It’s not enough to relegate women to a new ladies room. The evil monsters who have created and maintained this culture of oppression within Christ Presbyterian Church must be outed—along with the officers who have been complicit in this evil.
So what gifts have been scorned and what steps are Sauls and his session taking to undo this past contempt for their sisters in Christ?
These are serious questions. Repentance should be specific. Must we wait one hundred years before we repent? And demonstrate our repentance by finally electing a woman as Moderator of our General Assembly?

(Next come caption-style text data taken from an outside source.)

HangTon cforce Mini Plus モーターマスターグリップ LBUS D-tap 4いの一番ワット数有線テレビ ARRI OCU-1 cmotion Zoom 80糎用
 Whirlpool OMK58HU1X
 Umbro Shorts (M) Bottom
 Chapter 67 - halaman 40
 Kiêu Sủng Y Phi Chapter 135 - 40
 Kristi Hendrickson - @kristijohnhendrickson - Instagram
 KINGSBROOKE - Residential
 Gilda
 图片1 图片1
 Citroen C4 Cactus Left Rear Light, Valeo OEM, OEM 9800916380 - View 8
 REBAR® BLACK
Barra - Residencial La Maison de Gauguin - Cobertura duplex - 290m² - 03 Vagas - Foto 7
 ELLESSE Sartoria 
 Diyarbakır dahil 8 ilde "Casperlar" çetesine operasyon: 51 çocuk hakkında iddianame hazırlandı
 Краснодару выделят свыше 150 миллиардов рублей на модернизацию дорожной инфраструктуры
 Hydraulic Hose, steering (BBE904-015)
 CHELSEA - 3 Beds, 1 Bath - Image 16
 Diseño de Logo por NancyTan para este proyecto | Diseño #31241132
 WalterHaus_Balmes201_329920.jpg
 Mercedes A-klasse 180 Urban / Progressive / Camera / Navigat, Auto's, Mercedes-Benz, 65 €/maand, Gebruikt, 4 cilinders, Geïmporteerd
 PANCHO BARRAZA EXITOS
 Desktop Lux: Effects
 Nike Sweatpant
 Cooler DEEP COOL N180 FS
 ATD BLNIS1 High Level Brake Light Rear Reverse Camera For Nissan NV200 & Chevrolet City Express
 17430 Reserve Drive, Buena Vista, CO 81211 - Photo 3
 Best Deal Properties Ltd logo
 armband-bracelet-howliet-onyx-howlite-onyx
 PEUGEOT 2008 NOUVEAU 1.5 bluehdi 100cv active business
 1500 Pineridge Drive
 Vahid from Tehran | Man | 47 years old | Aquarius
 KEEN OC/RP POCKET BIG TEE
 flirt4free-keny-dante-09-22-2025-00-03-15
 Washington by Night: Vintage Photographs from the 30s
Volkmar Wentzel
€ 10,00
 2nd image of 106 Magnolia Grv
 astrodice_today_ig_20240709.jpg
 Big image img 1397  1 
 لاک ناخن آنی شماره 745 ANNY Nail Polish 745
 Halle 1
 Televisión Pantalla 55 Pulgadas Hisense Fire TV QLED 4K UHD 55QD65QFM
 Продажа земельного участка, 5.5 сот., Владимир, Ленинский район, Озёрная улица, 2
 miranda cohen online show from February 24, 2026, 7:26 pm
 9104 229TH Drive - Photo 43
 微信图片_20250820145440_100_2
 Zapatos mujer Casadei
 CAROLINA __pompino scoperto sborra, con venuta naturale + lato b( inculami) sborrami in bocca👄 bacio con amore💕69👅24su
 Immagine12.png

Here’s the thing: CPCN’s “affirming and championing” of women has the smell of a faux repentance masking an attack on the Word of God. Are they repenting, for instance, of having previously believed 1 Timothy 2:8-15, where Paul writes,
Therefore I want the men in every place to pray, lifting up holy hands, without wrath and dissension. Likewise, I want women to adorn themselves with proper clothing, modestly and discreetly, not with braided hair and gold or pearls or costly garments, but rather by means of good works, as is proper for women making a claim to godliness. A woman must quietly receive instruction with entire submissiveness. But I do not allow a woman to teach or exercise authority over a man, but to remain quiet. For it was Adam who was first created, and then Eve. And it was not Adam who was deceived, but the woman being deceived, fell into transgression. But women will be preserved through the bearing of children if they continue in faith and love and sanctity with self-restraint (1 Timothy 2:8-15).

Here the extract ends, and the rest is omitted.